Schwitters has thus created a political portrait of the Weimar Republic in the context of the Paris Peace Negotiations through a sophisticated interplay of verbal and visual elements. The table with the still life of the "green" flowers of peace and the black-rimmed red circle, echoing the bomb of "Putsch," succinctly summarizes the content of peace and violence in a part-for-whole relationship. One is tempted to call Das Bäumerbild on this level a "history painting" entitled, according to Schwitters' sense for reversals, The Consequences of Peace.

Love and Strife in Worpswede and Bremen

The key to the other level of content of Das Bäumerbild is the identity of the two figures and their relationship to each other. But another important element in its meaning is Bäumer's political involvement with the Bremen Soviet Republic, which serves as a case history for the themes of revolution and peace, and therefore links the public and private levels of the work's meaning.
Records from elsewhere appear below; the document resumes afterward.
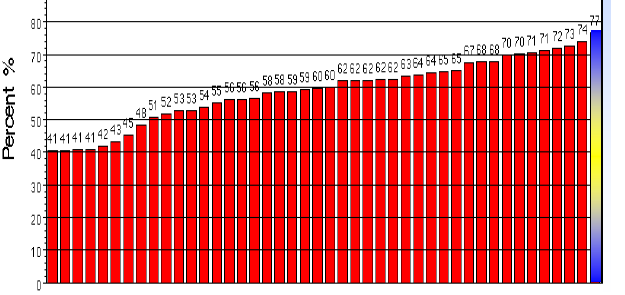 Världsunik kvalitet på antikoagulantiabehandlingen 77 % 6020 warfarinpatienter Taiwan Mexico Peru Rumänien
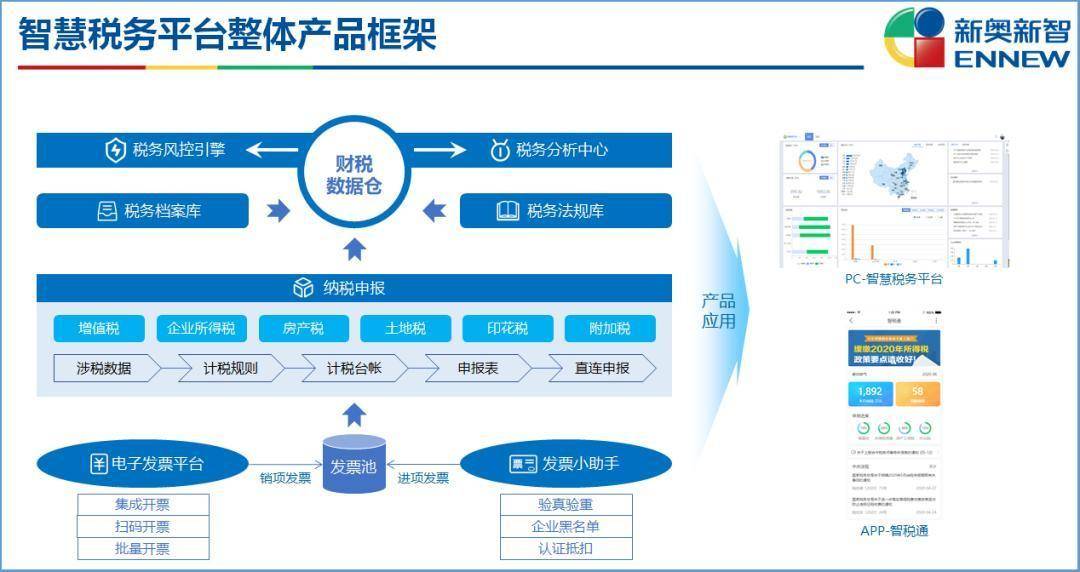 2024新奥资料免费精准39_引发热议与讨论_网页版v913.578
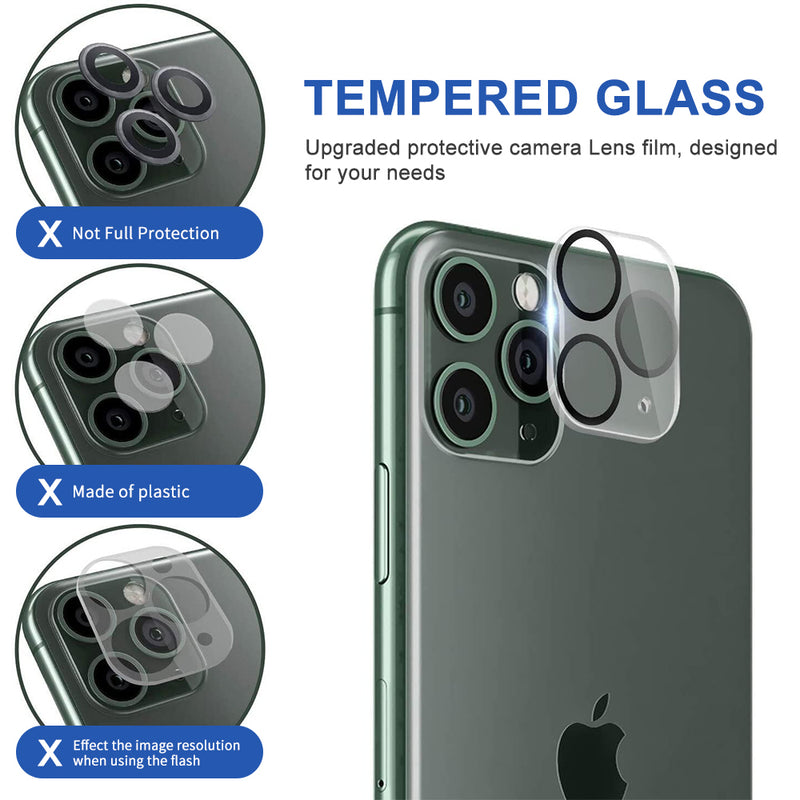 ANTI-GLARE PROTECTIVE PRECISE LENS SHIELD PROTECTION FOR IPHONE 12 PRO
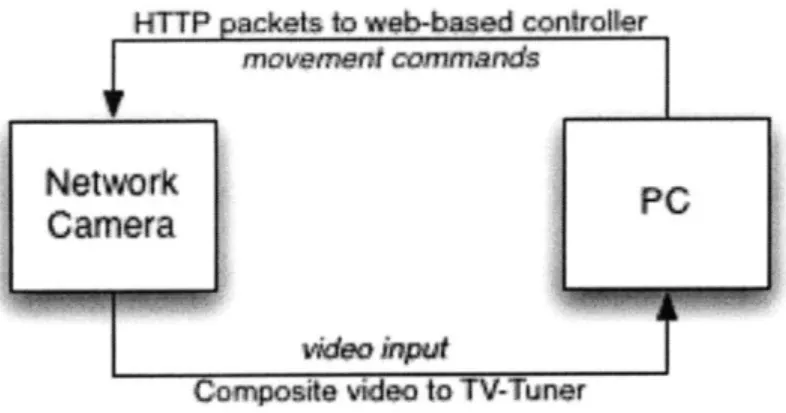 Figure 5.1:  The interaction  between  PC  and the camera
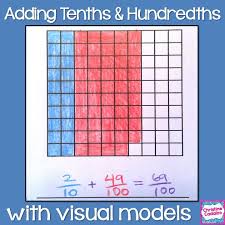 Fractions Tenths And Hundredths 4 Nf 5 Fractions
Although the Schwitters literature is silent concerning the name Ludwig Bäumer, one has not far to look in the circles of the Hanover avant-garde to identify him as the author of Das Wesen des Kommunismus ("The Nature of Communism"), published in 1919 as Nos. 25-26 in the "radikale Bücherreihe" (radical book series) Die Silbergäule of Paul Steegemann Verlag. Steegemann, who had fought on the barricades in Hanover during the November Revolution of 1918, had also published works by and about his friend Kurt Schwitters, including the famous Anna Blume Dichtungen (Die Silbergäule, 39-40). Perhaps one can assume that Paul Steegemann played a role in the Bäumer-Schwitters association.20

Schwitters depicts his friend in Das Bäumerbild with a bomb and places him in a context of political strife. Such a portrayal has a certain basis in fact. When, on January 10, 1919, the Socialist Republic of Bremen was proclaimed with music and red flags, Ludwig Bäumer, a member of the communist party, had been one of nine men voted into the "Rat der Volksbeauftragten" ("Council of the Peoples' Representatives").21 His position of responsibility, however, was short-lived: by February 4th, the strong right arm of the socialist government, Noske, had crushed the "Räterepublik."22 Thirty workers and soldiers lost their lives and Bäumer landed in jail.

A proclamation ("Aufruf!") by the majority Socialists describes the Bremen Soviet Republic from their ruling perspective:

Dieser Miss- und Gewaltherrschaft war es vorbehalten, das erste Blutvergiessen in Bremen heraufzubeschwören. Damit nicht genug, haben sich die Gewalthaber offen gegen die Reichsregierung aufggelehnt, unbekümmert um die Gefärdung der deutschen Einheit, unbekümmert darum, dass unsere Feinde einem bolschewistischen Deutschland weder Frieden noch Brot gewähren werden, unbekümmert auch um die Zukunft Bremens, das vom In-und-Ausland als Hochburg des Terrors, als Feind der Freiheit geächtet, dem wirtschaftlichen Untergang entgegen ging. . . .23

This false and totalitarian rule was left to precipitate the first bloodshed in Bremen. Not satisfied with that, the ruling power openly rebelled against the Federal Government, indifferent to the fact that our enemies will grant neither peace nor bread to a Bolshevik Germany, unconcerned also for the future of Bremen, which, proscribed at home and abroad as a stronghold of terror and enemy of freedom, was headed for economic ruin. . . .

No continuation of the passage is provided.